**Exercise requirements:** Repeat the listing below verbatim, without its images.

**Records provided:**
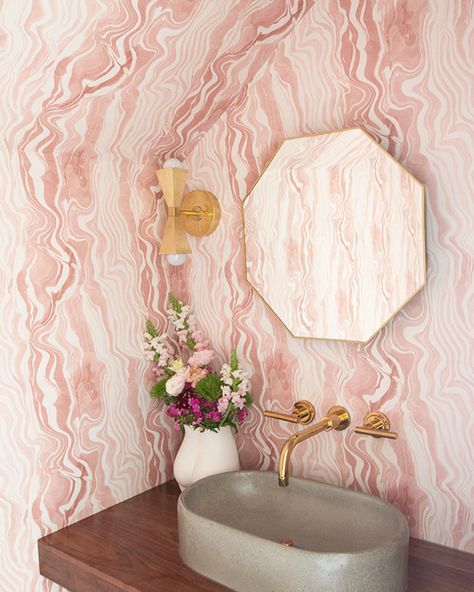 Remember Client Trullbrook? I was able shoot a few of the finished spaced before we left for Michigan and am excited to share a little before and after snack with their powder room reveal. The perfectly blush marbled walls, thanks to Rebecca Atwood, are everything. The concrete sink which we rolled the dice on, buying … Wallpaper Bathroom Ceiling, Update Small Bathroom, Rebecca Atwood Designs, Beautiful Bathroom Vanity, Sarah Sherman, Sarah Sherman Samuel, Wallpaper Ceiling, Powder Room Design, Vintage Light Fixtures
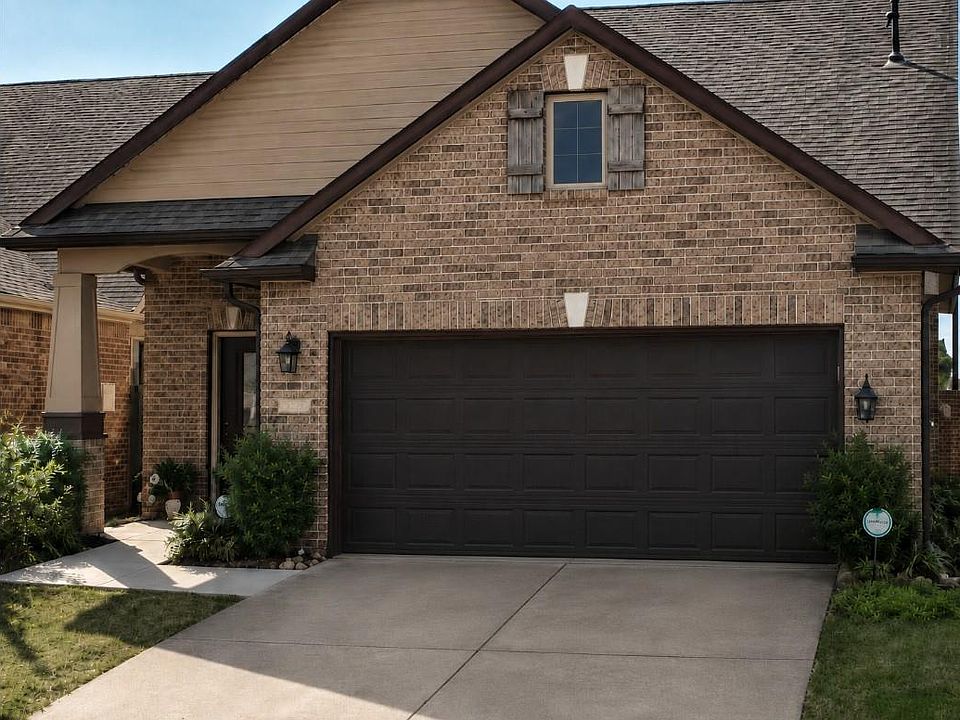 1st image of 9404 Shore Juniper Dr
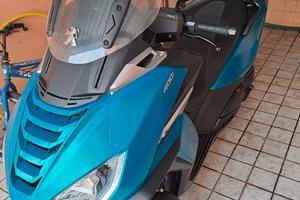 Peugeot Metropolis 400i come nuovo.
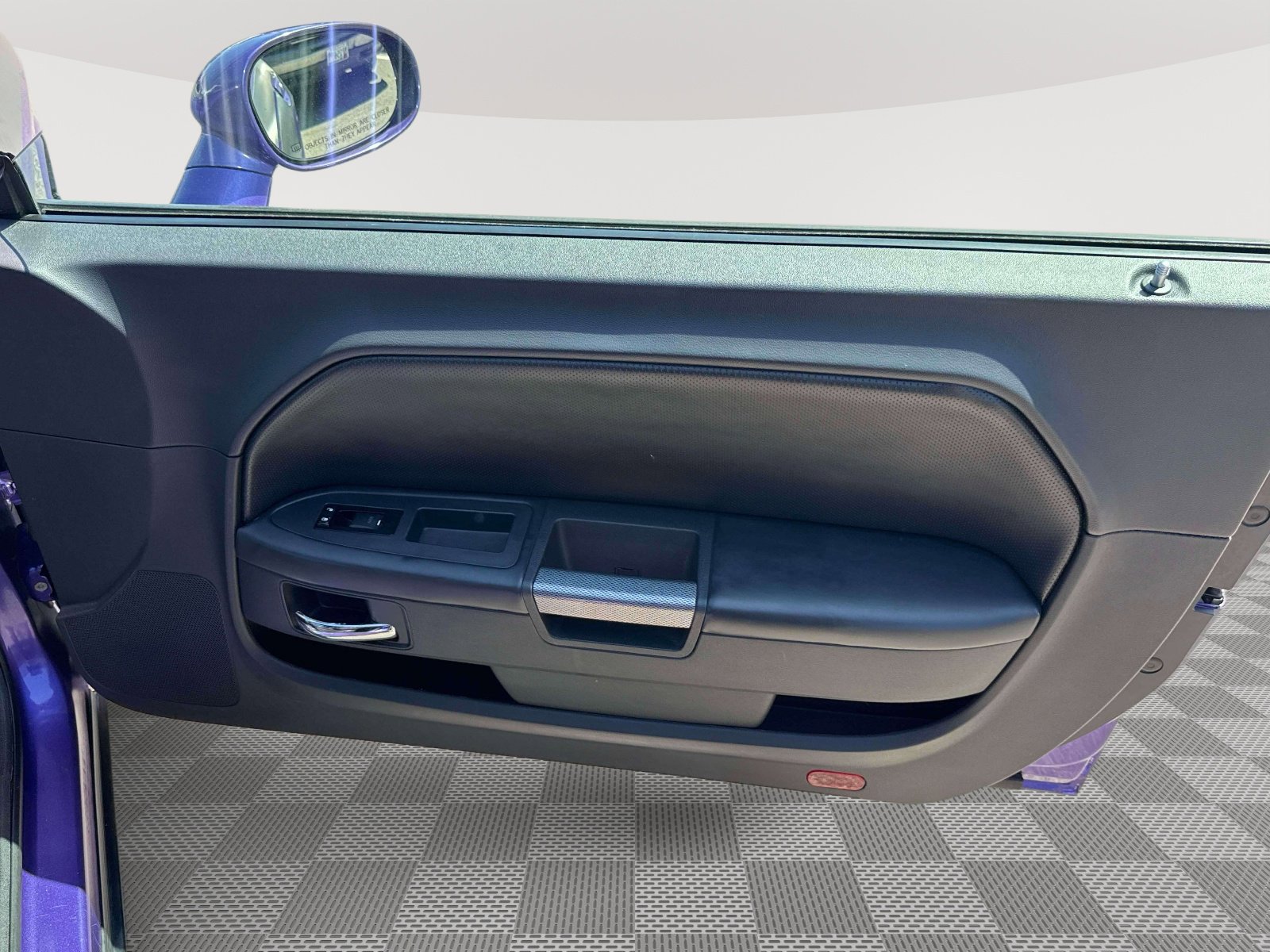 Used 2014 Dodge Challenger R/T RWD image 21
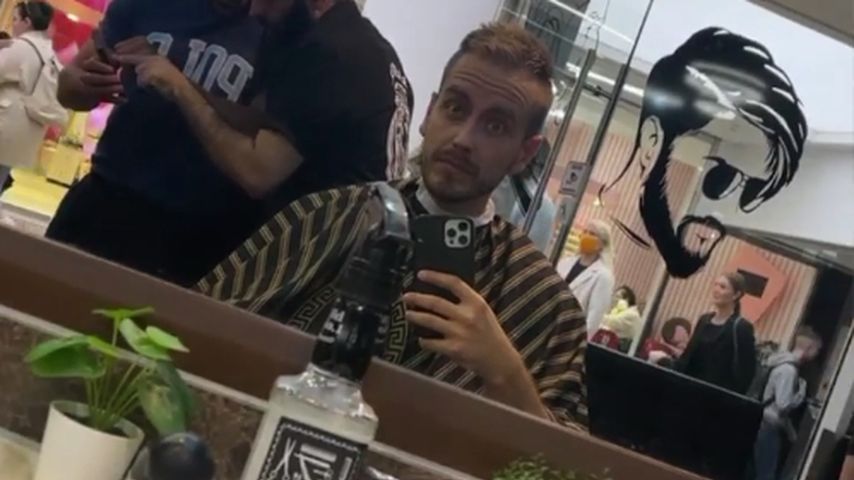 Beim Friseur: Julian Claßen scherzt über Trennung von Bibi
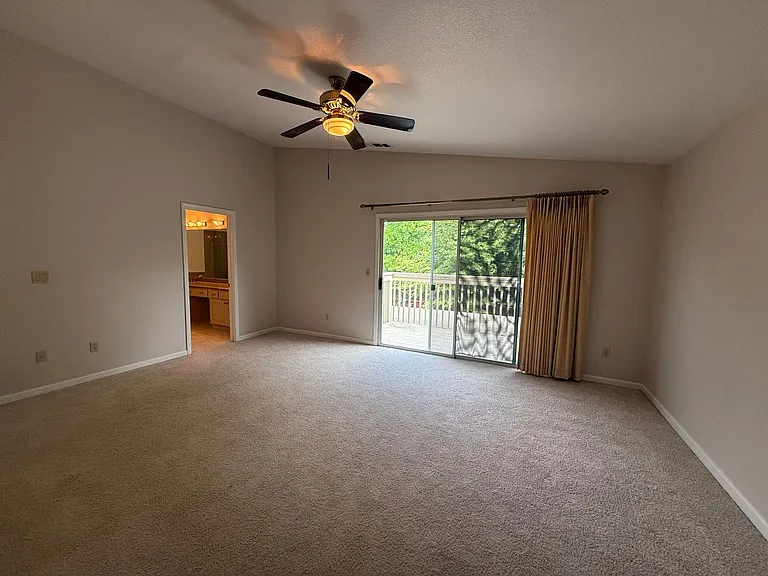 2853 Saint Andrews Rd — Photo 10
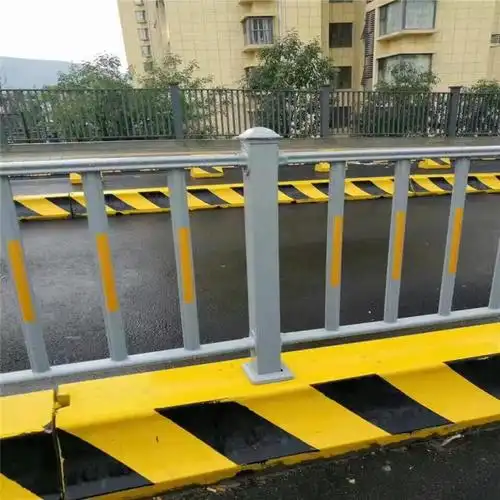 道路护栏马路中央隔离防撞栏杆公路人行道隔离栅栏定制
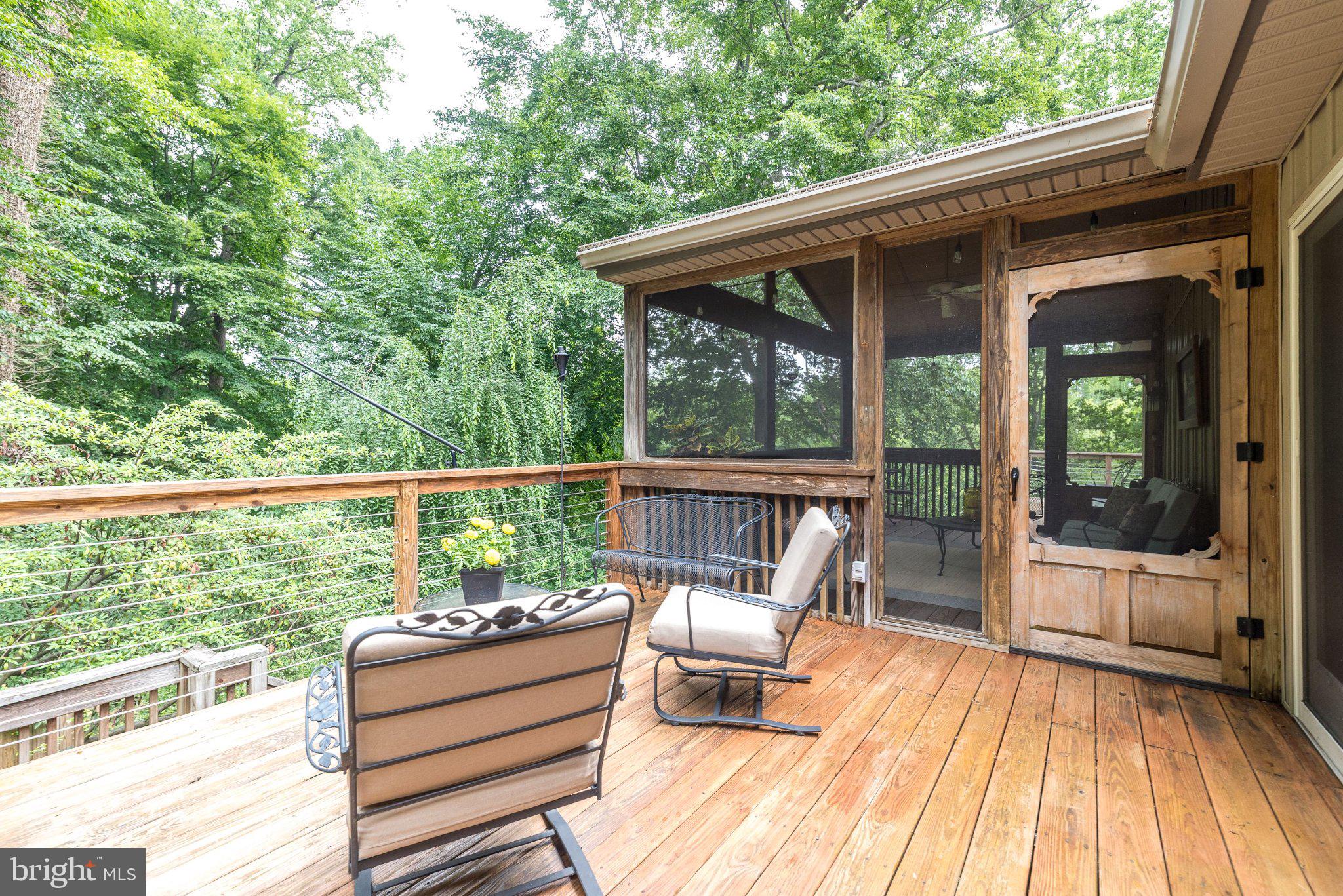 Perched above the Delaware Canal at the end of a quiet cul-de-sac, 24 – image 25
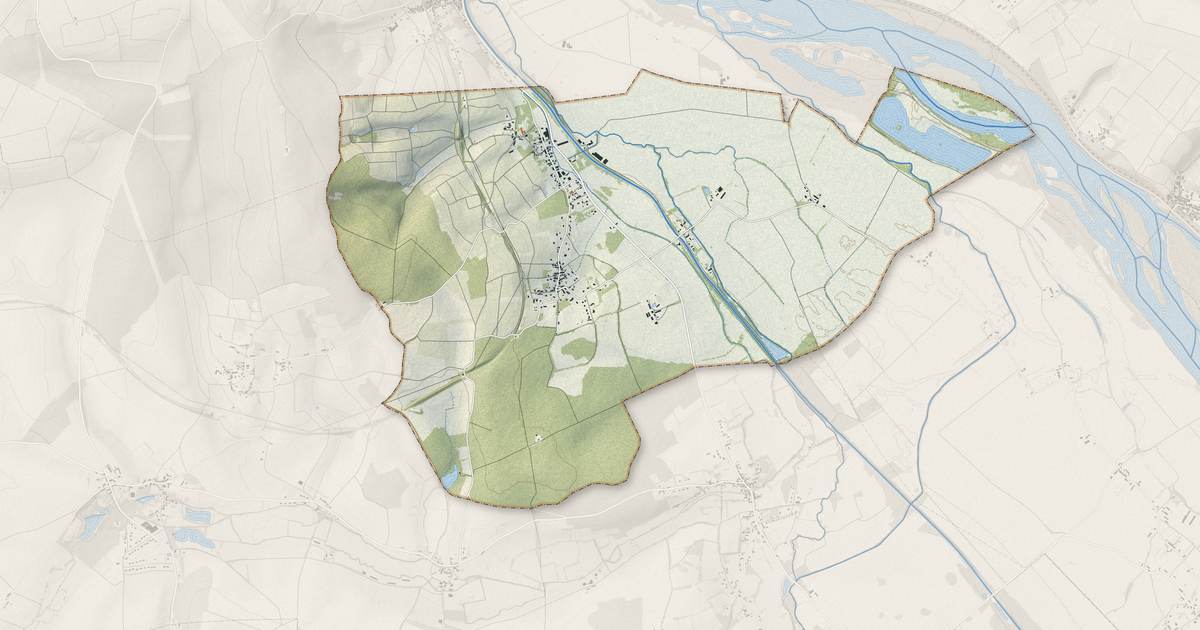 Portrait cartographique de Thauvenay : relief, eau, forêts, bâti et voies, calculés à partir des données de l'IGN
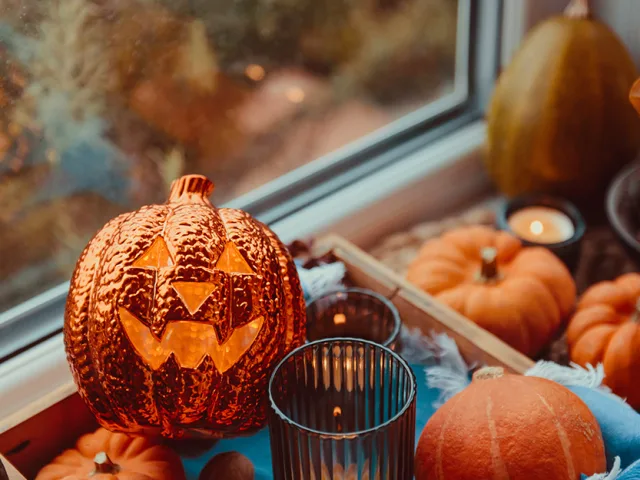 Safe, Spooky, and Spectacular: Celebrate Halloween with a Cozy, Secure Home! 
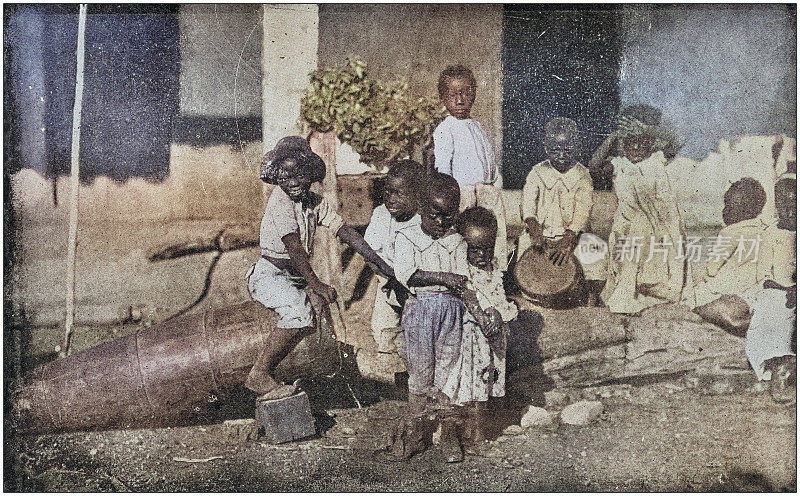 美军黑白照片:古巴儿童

**Exercise response:**
 Remember Client Trullbrook? I was able shoot a few of the finished spaced before we left for Michigan and am excited to share a little before and after snack with their powder room reveal. The perfectly blush marbled walls, thanks to Rebecca Atwood, are everything. The concrete sink which we rolled the dice on, buying … Wallpaper Bathroom Ceiling, Update Small Bathroom, Rebecca Atwood Designs, Beautiful Bathroom Vanity, Sarah Sherman, Sarah Sherman Samuel, Wallpaper Ceiling, Powder Room Design, Vintage Light Fixtures
 1st image of 9404 Shore Juniper Dr
 Peugeot Metropolis 400i come nuovo.
 Used 2014 Dodge Challenger R/T RWD image 21
 Beim Friseur: Julian Claßen scherzt über Trennung von Bibi
 2853 Saint Andrews Rd — Photo 10
 道路护栏马路中央隔离防撞栏杆公路人行道隔离栅栏定制
 Perched above the Delaware Canal at the end of a quiet cul-de-sac, 24 – image 25
 Portrait cartographique de Thauvenay : relief, eau, forêts, bâti et voies, calculés à partir des données de l'IGN
 Safe, Spooky, and Spectacular: Celebrate Halloween with a Cozy, Secure Home! 
 美军黑白照片:古巴儿童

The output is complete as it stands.